● **What to work on**:
Pictures do not belong in the copy. Write out exactly the lines from the one containing "So then I'm" through the end of the data.

● **Data to use**:

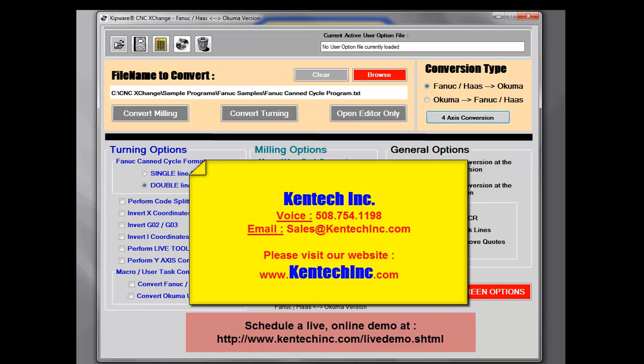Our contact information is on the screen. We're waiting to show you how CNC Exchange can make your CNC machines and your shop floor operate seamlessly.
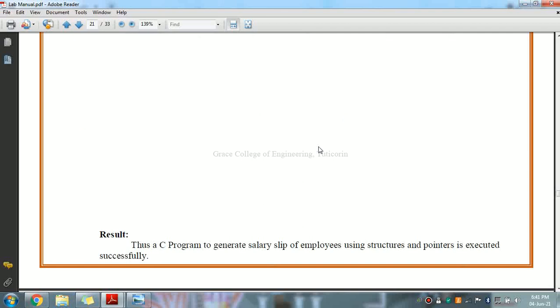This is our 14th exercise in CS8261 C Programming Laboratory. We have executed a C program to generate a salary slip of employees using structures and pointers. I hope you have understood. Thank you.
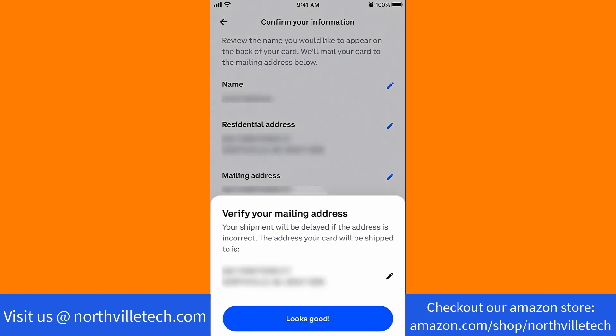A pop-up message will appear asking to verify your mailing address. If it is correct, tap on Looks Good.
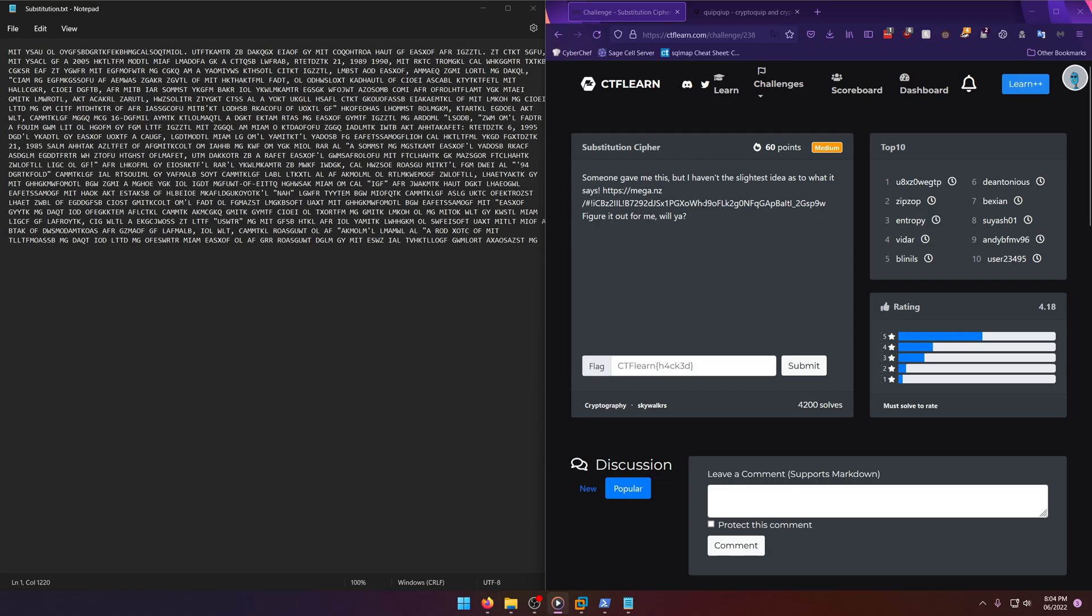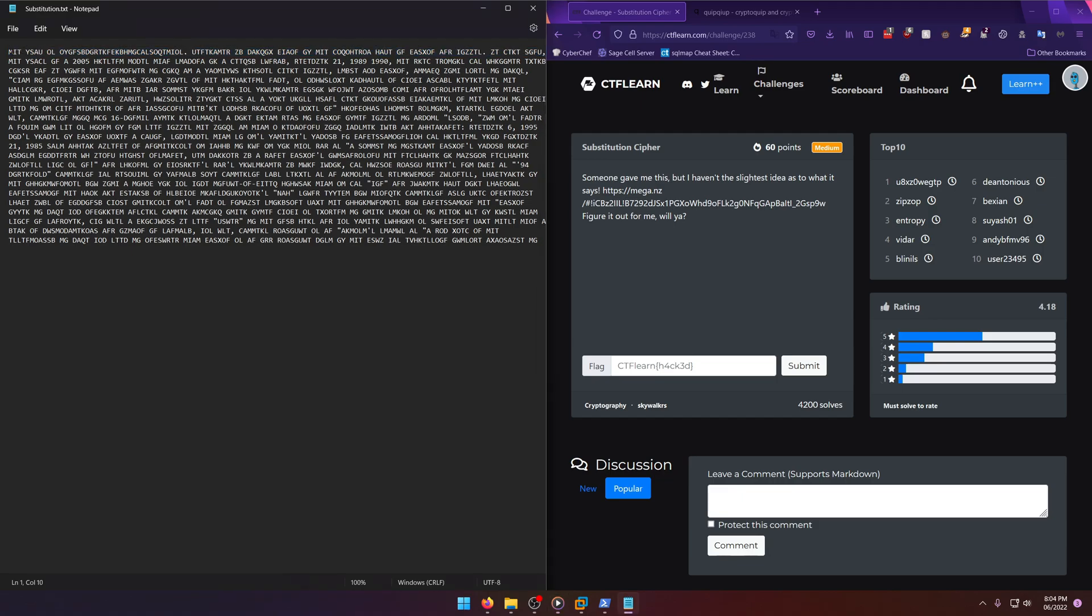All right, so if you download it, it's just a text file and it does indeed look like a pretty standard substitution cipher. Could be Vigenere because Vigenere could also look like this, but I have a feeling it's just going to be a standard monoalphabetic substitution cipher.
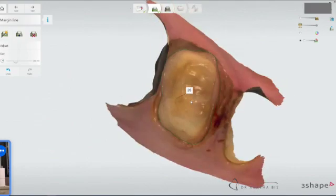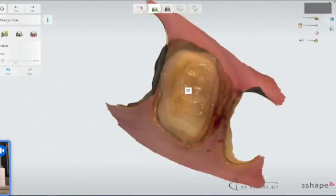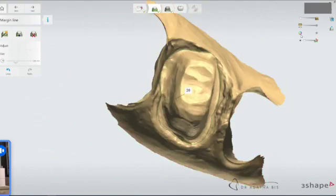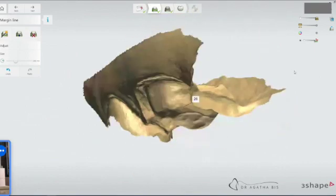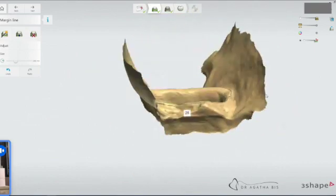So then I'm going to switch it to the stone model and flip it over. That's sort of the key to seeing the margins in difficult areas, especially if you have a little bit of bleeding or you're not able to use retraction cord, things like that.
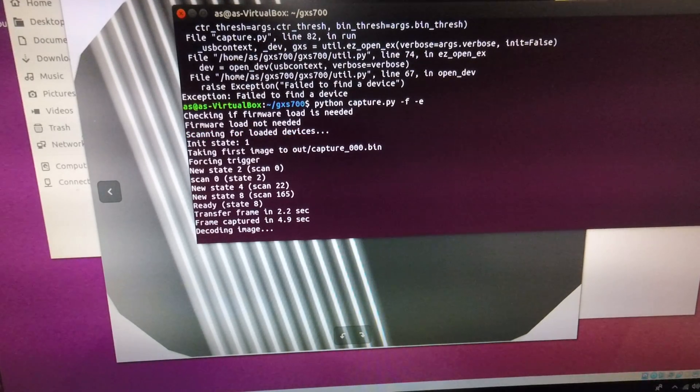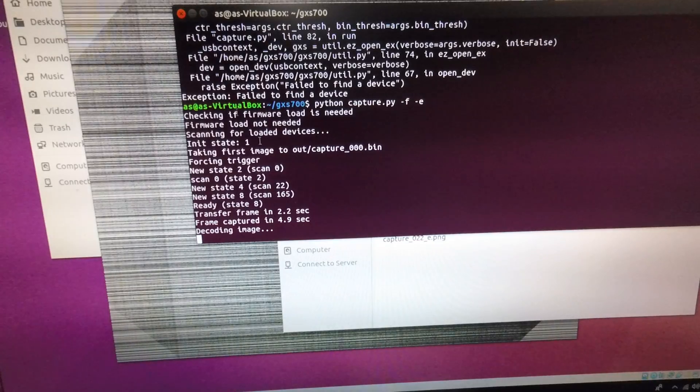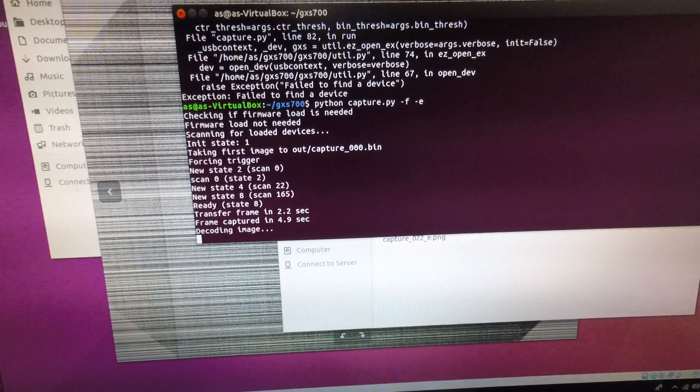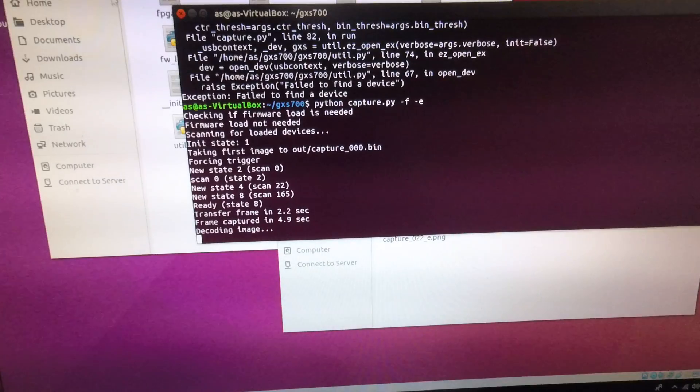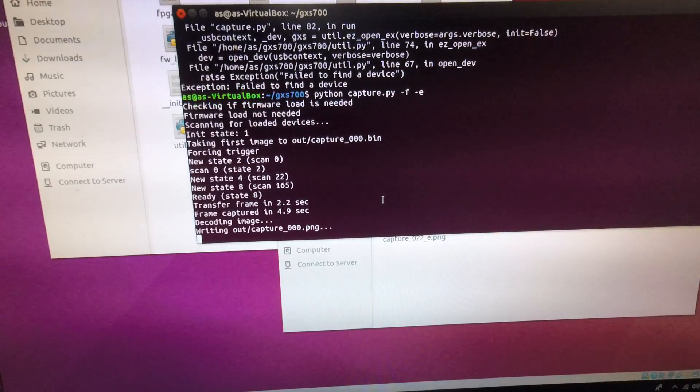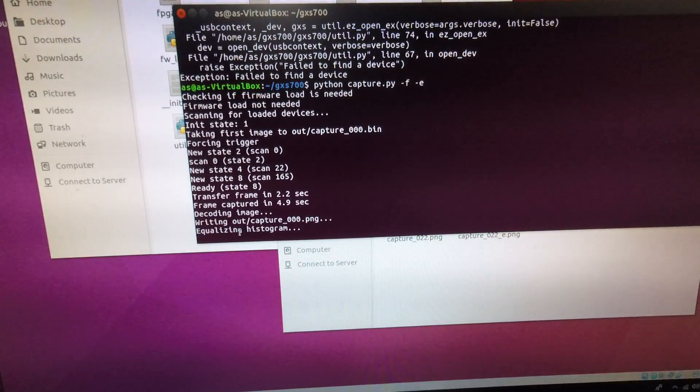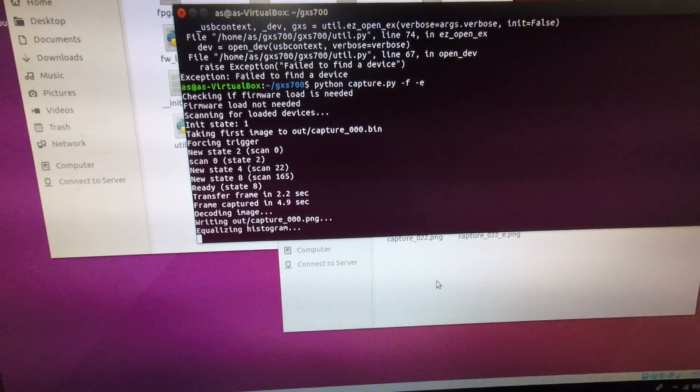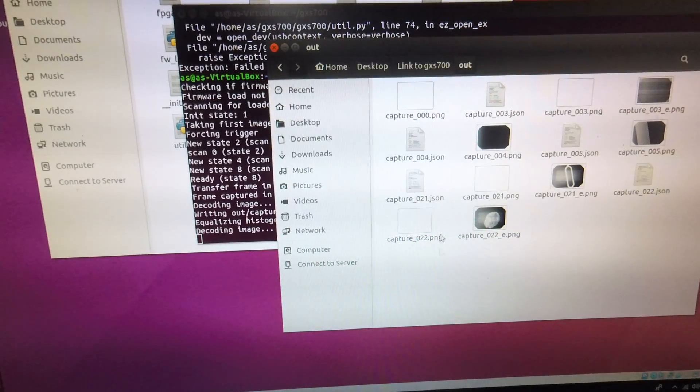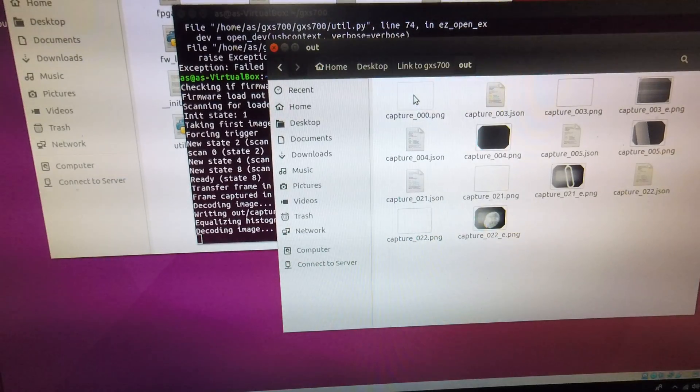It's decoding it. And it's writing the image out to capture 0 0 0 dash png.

● **Task solution**:
So then I'm going to switch it to the stone model and flip it over. That's sort of the key to seeing the margins in difficult areas, especially if you have a little bit of bleeding or you're not able to use retraction cord, things like that.
It's decoding it. And it's writing the image out to capture 0 0 0 dash png.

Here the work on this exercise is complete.